Training gave us more information on the use of explosives and explosive devices. We were shown TNT, gelignite and the plastic explosive which we had been issued with. We were told how to estimate the size charge that would be required for a certain job, shown the best place to place a charge to bring down a pylon or cut a railway line. We were also shown how to set up different types of booby traps, and techniques for disabling vehicles.

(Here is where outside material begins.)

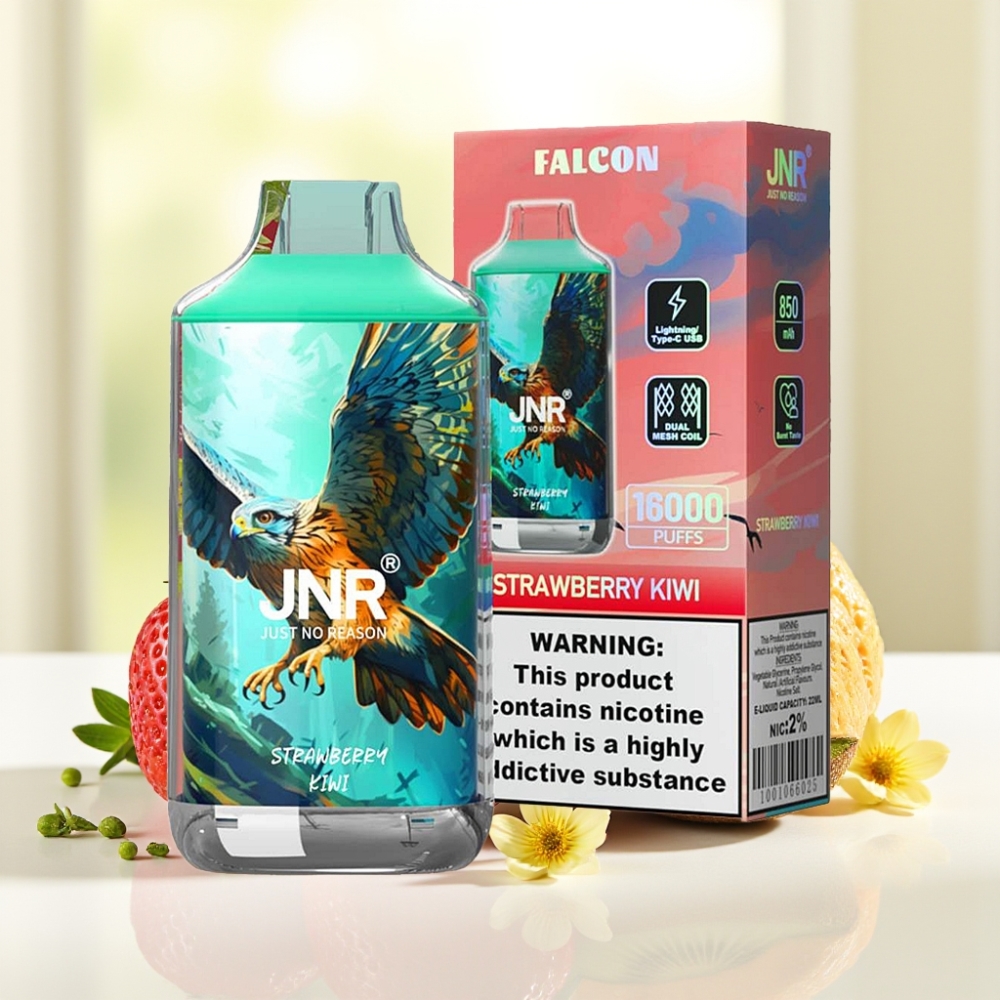 JNR Falcon 16000 Puffs Полуниця Ківі 850mAh 22ml Dual Mesh Type C LED 0% 2%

Besides this sabotage training we were also given some training in personal defence. We were introduced to basic unarmed combat and shown how to use the garrotte and how to use the Fairburn knife that we had been issued with. I can always remember being told to strike upwards and keep your thumb on the blade in case the knife twists. Fortunately one didn't have to do that sort of thing. We were also given instruction in covert communication:- ways in which signs and messages could be left by placing stones and sticks; the way to use dead letter drops for hiding messages and show that the letter drop had been seen, or had not been seen.

We also had instruction in some woodcraft, how to move about silently and how to find somewhere to hide and how to take cover. One lesson that was drummed into us was if we hear people moving about stay dead still, they can pass right close to you and not see you, and this was demonstrated on one or two occasions how you could walk right by somebody even though you were aware somebody was there and still not actually see that they were there.

We did two night exercises. We were shown first of all a plan of, of the area around the Coleshill House by the yard where vehicles would be parked. And then we were taken out some three or four miles in a van, dropped off and given a direction to set off in, and work in pairs to get back and try and get to one of these vehicles and put a chalk mark on it, to show that you had found it and put it up. As you did that there were one or two patrols out, patrolling the area which you had to cross, and you had to dodge these to get in. It was all good Boy Scout stuff, and it was quite fun provided it wasn't raining.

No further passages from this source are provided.